[Task] Once the line containing "Showmall Womens Pants" is found, copy that line and all remaining lines of the records exactly, including the last one, and add nothing.

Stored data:
▼

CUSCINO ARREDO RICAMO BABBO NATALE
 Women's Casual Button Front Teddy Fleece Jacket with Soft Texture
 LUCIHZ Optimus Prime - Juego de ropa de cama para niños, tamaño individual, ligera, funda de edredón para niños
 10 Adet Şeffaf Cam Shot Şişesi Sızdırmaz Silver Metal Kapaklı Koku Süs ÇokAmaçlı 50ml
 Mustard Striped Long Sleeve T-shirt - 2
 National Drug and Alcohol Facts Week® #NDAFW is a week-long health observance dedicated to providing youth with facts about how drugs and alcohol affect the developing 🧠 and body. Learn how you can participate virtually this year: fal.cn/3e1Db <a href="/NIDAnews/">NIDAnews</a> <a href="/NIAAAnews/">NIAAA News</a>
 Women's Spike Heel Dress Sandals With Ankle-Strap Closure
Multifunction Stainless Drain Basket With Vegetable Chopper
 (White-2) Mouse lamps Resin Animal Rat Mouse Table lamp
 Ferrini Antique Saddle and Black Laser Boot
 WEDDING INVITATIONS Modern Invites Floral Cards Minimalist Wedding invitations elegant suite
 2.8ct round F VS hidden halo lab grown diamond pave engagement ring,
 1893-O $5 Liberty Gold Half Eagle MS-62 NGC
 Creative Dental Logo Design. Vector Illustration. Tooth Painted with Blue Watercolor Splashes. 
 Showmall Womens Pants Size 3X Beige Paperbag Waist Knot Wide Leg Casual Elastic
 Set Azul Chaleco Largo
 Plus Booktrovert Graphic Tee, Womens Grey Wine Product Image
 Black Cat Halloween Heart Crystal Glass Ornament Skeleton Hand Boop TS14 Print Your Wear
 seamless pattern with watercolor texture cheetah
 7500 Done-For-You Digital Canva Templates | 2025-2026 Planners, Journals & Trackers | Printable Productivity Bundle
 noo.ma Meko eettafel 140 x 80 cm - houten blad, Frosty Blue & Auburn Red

▲

[Answer to this task]
 Showmall Womens Pants Size 3X Beige Paperbag Waist Knot Wide Leg Casual Elastic
 Set Azul Chaleco Largo
 Plus Booktrovert Graphic Tee, Womens Grey Wine Product Image
 Black Cat Halloween Heart Crystal Glass Ornament Skeleton Hand Boop TS14 Print Your Wear
 seamless pattern with watercolor texture cheetah
 7500 Done-For-You Digital Canva Templates | 2025-2026 Planners, Journals & Trackers | Printable Productivity Bundle
 noo.ma Meko eettafel 140 x 80 cm - houten blad, Frosty Blue & Auburn Red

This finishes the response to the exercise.